We've reached the end of our first month of the yearlong Supporting Actress retrospective, honoring the 365 movies that have yielded nominations in that category's first 80 years. (This year's AMPAS voters, whatever their other foibles, at least complied with my schema and furnished nominees from five separate films, which keeps my math on track.) I hope you've had fun reading along, if you have been.  You can click the image to the left and visit the Calendar for more on each nominated movie, plus a few individual performance reviews.

So, who are your five favorite nominees from this early batch? And, separate question, what are your five favorites among the films? My own all-star team of performances from this batch probably entails Judith Anderson for Rebecca, Fay Bainter for Jezebel, Jane Darwell for The Grapes of Wrath, Agnes Moorehead for The Magnificent Ambersons, and Barbara O'Neil for All This, and Heaven Too, with apologies to close runner-up Patricia Collinge for The Little Foxes. If we're talking actual movies, my cream of the crop encompasses Dead End, Dodsworth, Gone with the Wind, The Magnificent Ambersons, and The Philadelphia Story, though it stings to leave out Grapes, Rebecca, and Stage Door, especially.

What are your thoughts, dear reader? And—one more question—are there supporting performances by women from 1936-1942 that you especially wish had appeared on Oscar's ballot?

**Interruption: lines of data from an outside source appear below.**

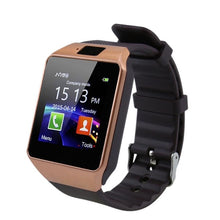Load image into Gallery viewer, Cawono DZ09 Bluetooth Smart Watch Smartwatch Relogios Watch TF SIM Card Camera for iPhone Samsung Huawei Android Phone PK Y1 Q18
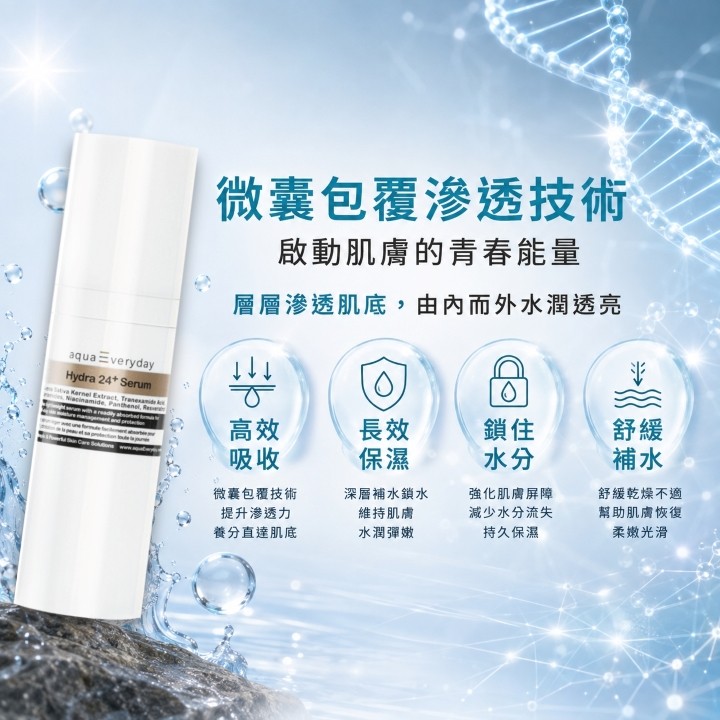 植潤精華 100ml 照片 5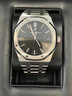 愛(ài)彼（Audemars Piguet）【二手99新】愛(ài)彼AP皇家橡樹(shù)系列15500ST男士手表 機械表 男表 時(shí)尚休閑商務(wù)二手奢侈品腕表 黑盤(pán)白針-15500ST.OO.1220ST.03 曬單實(shí)拍圖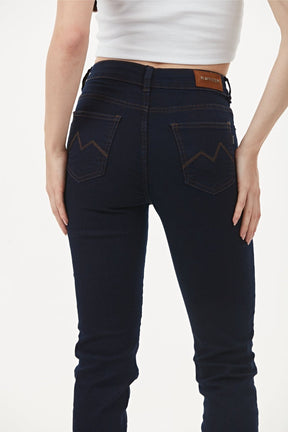 CALÇA JEANS SKINNY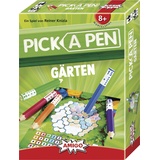 AMIGO Pick a Pen: Gärten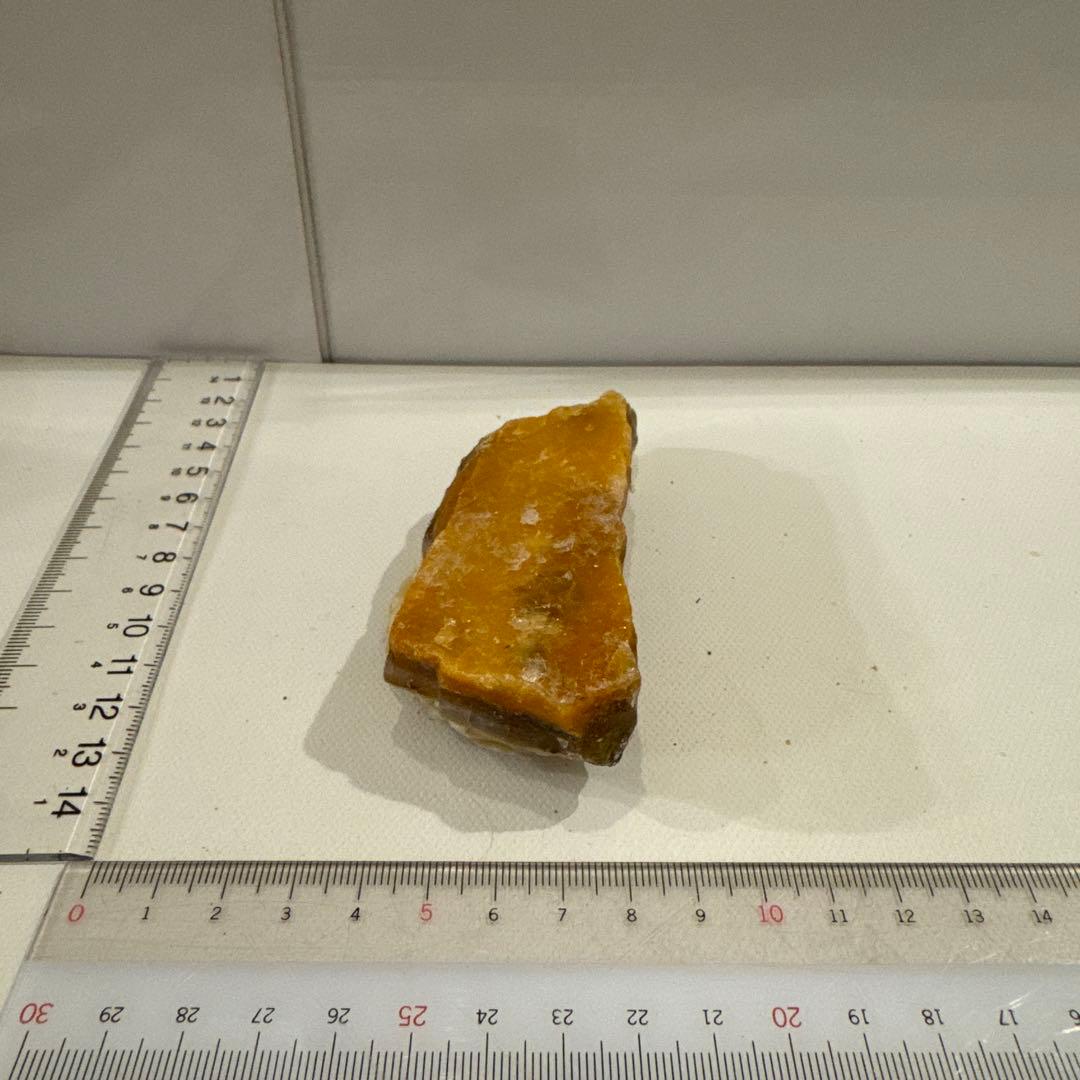 北海道石　然別オパール　蛍光オパール133g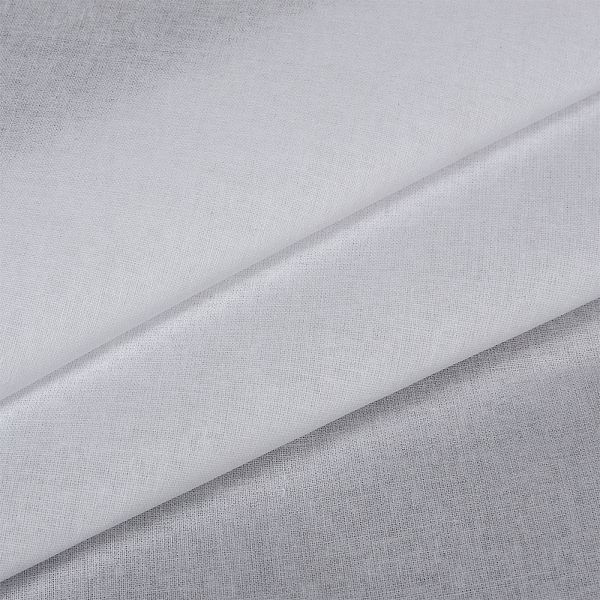 Дублерин воротничковый (сорочечный) 170 г/м², 112 см / 100 метров, белый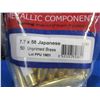 Image 2 : NEW - Brass Only - 7.7X58 Japanese PPU Unprimed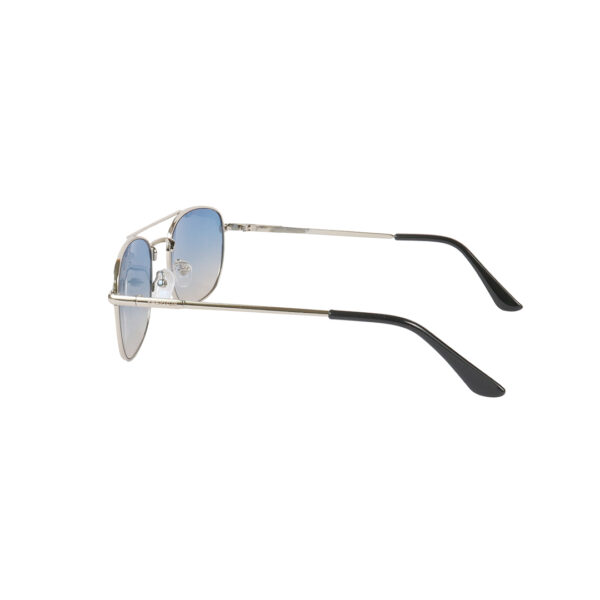 SpexVue  | Full Rim  Silver | Wayfarer For Men & Women | Sunglass - Image 4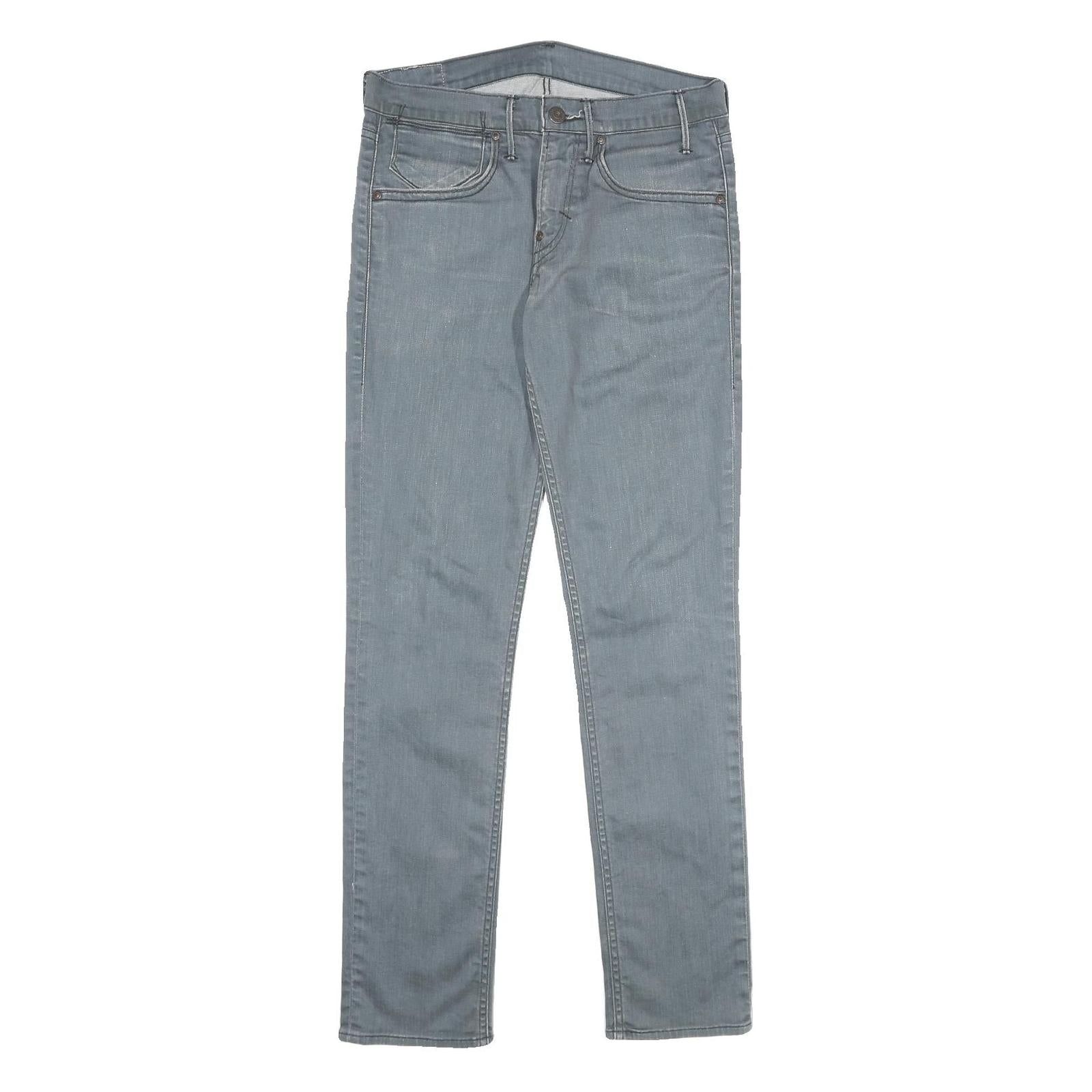 Buy LEVI'S Mens Regular Fit Blue Denim Straight Jeans W31 L34 Classic Cotton Blend Refurbished - $41.59 LEVI'S Mens Regular Fit Blue Denim Straight Jeans W31 L34 Classic Cotton Blend Refurbished - N/A refurbished available on Cerqular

Lastly, do consider following along with the Supporting Actress films for February, already posted. The beauty of this feature is that you can already see what film will be up for review on the site and on Twitter for any given day. I'd love to hear other voices on the same movies. I know you're out there, you opinionated queens. Four of February's performances are first-time viewings for me: Paulette Goddard in So Proudly We Hail (1943), Lucile Watson in Watch on the Rhine (1943), and two winners, Ethel Barrymore in None But the Lonely Heart (1944) and Anne Baxter in The Razor's Edge (1946). Beyond my curiosity about these four, I'm especially keen to revisit The Song of Bernadette (1943), which I saw once, ages ago. I wish I remembered Crossfire (1947) more clearly. Two famous films that I didn't love the first and only times I saw them, Mildred Pierce (1945) and Key Largo (1948), are also ripe for reassessment.  And somehow, we'll all get through the mid-40s fad for nominating ethnically inappropriate performances: Aline MacMahon's "Chinese" peasant in Dragon Seed (1944), though she at least applies a soft touch; Gale Sondergaard's member of the palace in Anna and the King of Siam (1946); and, easily worst of all, Flora Robson's blackface part in Saratoga Trunk (1945, but nominated in 1946). Jesus, keep me close to the cross.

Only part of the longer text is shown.